Jede Menge Tanzmusik – nur tanzen durfte niemand
Beim Resonanzen-Festival in Saarbrücken spielten das Duo Ätna und das Brandt-Brauer-Frick-Ensemble elektronische und akustische Klänge.
Als Wesen von einem anderen Planeten hat sich Festivalleiterin Inéz Schaefer beim Konzert ihres Duos „Ätna“auf dem Resonanzen-Festival präsentiert. Nicht nur verfremdete sie ihre Stimme fast durchgängig stark mithilfe elektronischer Effekte, sie hatte auch ihr Äußeres auf mysteriöse Weise verändert. Erst beim näheren Hinsehen wurde klar, woher das rührte: Die Sängerin hatte sich Kontaktlinsen eingesetzt, die ihre Pupillen übergroß und pechschwarz erscheinen ließen. Abgesehen vom Gesang steuerte sie Synthesizer-Klänge an, Duopartner Demian Kappenstein spielte neben etwas Elektronik hauptsächlich akustisches Schlagzeug. Stimme und Trommeln sind die älteste musikalische Kombination der Welt, hatte Nora Gomringer nach ihrem Festival-Auftritt gesagt – die funktionierte auch bei Ätna. Frappierend, wie wenig Beiwerk das bisweilen brauchte. Anders gesagt, es fehlte nichts: mal ein Synthie-Bass hier, eine Fläche dort. Im Vordergrund immer Schaefers außerirdische Stimme und die energetischen Beats von Kappenstein. Die in Saarbrücken aufgewachsene Sängerin, die nach dem Ausscheiden von Nicole Johänntgen ins Dreierteam der Festivalleitung geholt wurde, war im Vorfeld nicht müde zu betonen, dass der Auftritt von Ätna schon zuvor gebucht worden war. Was ein Glück, denn so kamen die etwa 80 Zuhörer in der ausverkauften Garage in den Genuss, das musikalische Herzensprojekt der verlorenen Tochter einmal live zu erleben. Ätna spielte nämlich tatsächlich zum ersten Mal in Saarbrücken – eigentlich ein Unding, existiert die international erfolgreiche Band doch schon seit 2016, als sich beide an der Dresdener Hochschule für Musik kennenlernten. Saarbrücken sei wie Dresden, nur etwas gemütlicher, so schilderte Kappenstein seine ersten Eindrücke zur Freude der Anwesenden. Schaefer dagegen erzählte, wie sie in der Garage im Alter von 13, 14 Jahren „illegal“Konzerte von Clueso oder Kettcar besucht hatte und sich damals nicht hätte träumen lassen, hier selbst auf der Bühne zu sein. Von „stehen“konnte übrigens keine Rede sein, das Duo verbrachte den Auftritt wie das Publikum sitzend. Nur einmal sprang Kappenstein auf und begann wild zu tanzen – so als wollte er daran erinnern, was in normalen Zeiten möglich wäre zur Musik von Ätna.

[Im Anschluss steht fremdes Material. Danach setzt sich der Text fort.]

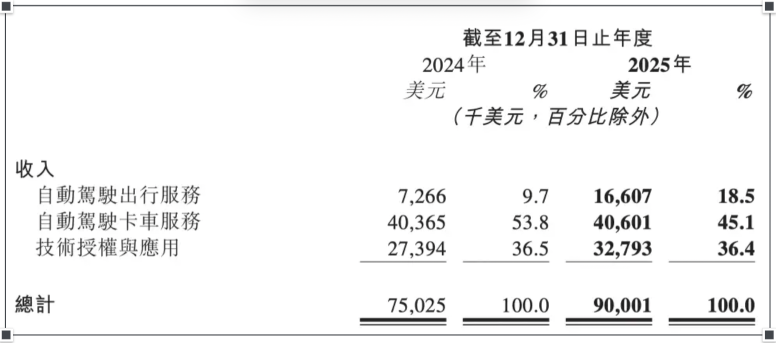 Robotaxi 营收创新高后，小马智行离盈利还有多远？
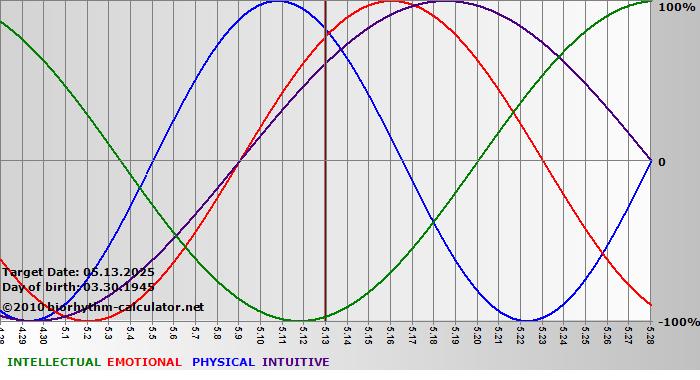 www.biorhythm-calculator.net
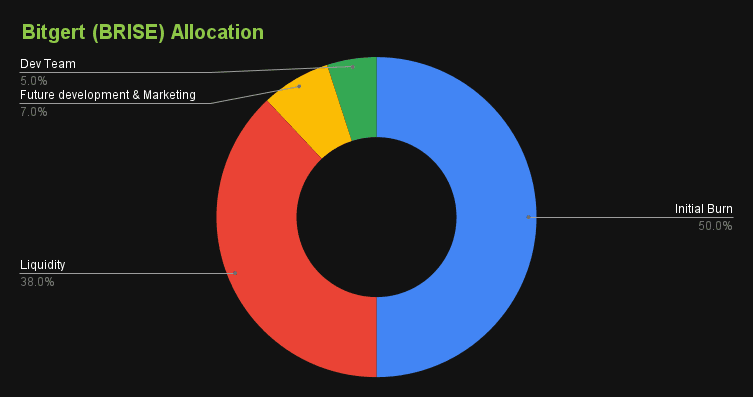 Apa Itu BRISE Token?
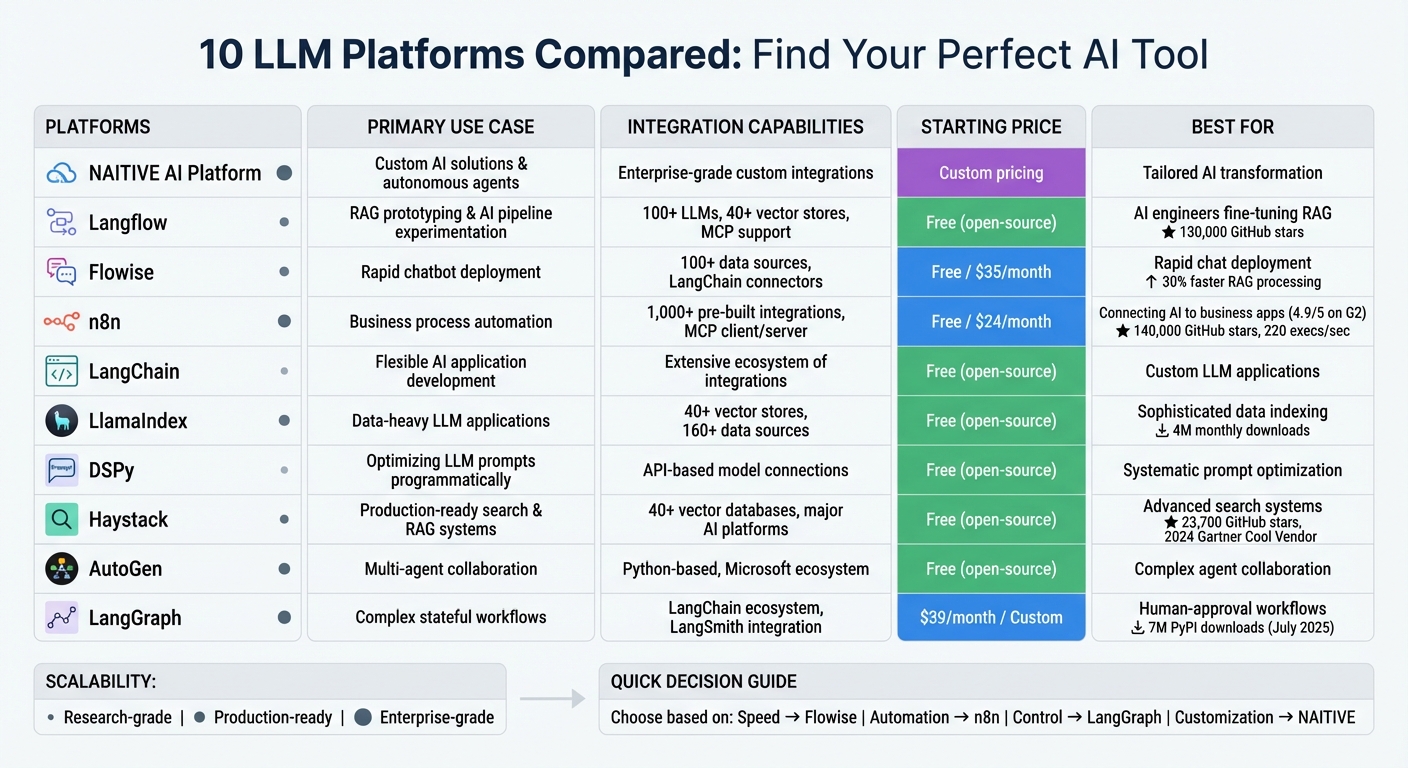LLM Platform Comparison: Features, Pricing, and Best Use Cases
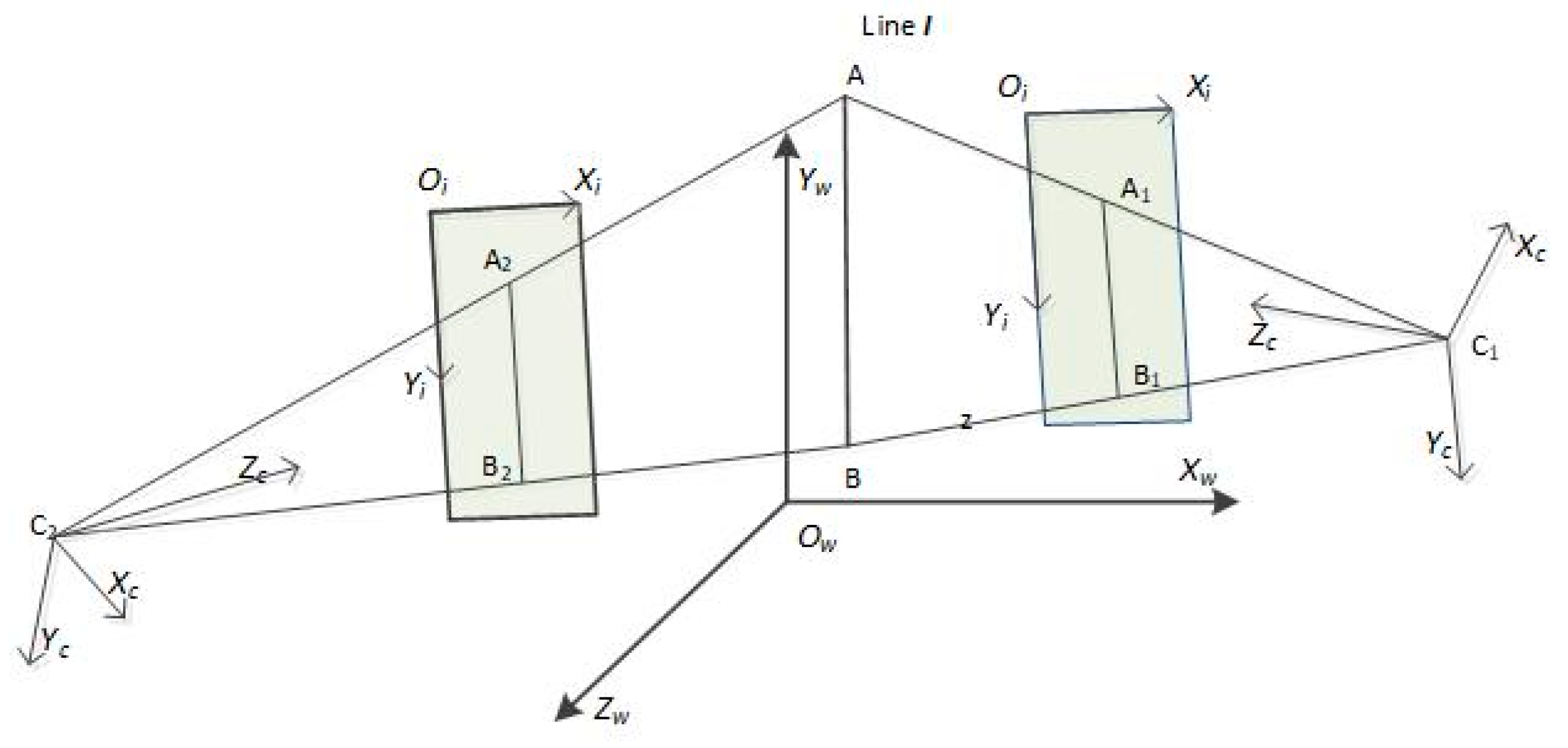 Sensors 21 00658 g001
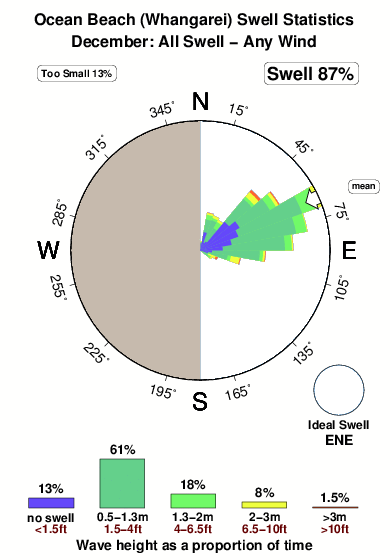 Tide Chart Whangarei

Zum Tanzen hätte auch der darauf folgende Auftritt des Brandt-Brauer-Frick-Ensembles verleiten können. Das zehnköpfige Orchester hat es sich zur Aufgabe gemacht, typisch elektronische Musik wie House und Techno mit akustischen Instrumenten zu präsentieren – nur der Moog-Synthesizer von Jan Brauer fiel da aus dem Rahmen. Ansonsten gab es zwei Percussion-Stationen und ein Schlagzeug, deren Spieler (unter ihnen Daniel Brandt) sich abwechselten, dazu Cello, Geige, Harfe, Posaune, Tuba und das Piano von Paul Frick. Diese außergewöhnliche Mischung lieferte ein streng durchkomponiertes Feuerwerk der Polyrhythmik ab. Tuba oder Moog sorgten für lange Basstöne; Piano, Harfe oder Marimba für die harmonischen Patterns, während Cello, Geige und Posaune bestimmte Linien wiederholten. Dauernd passierte etwas Neues in der Klanglandschaft, die da von der Bühne kam: Da wurden Instrumente ein- und wieder ausgeblendet, die zirpte und quietschte irgendwas als kleines Störgeräusch, da klopfte Tubist Benjamin Grän rhythmisch gegenläufig gegen sein Mundstück. Ein fulminantes Konzert, das gegenüber dem schon sehr gut angekommenen Ätna-Auftritt noch eins draufsetzte.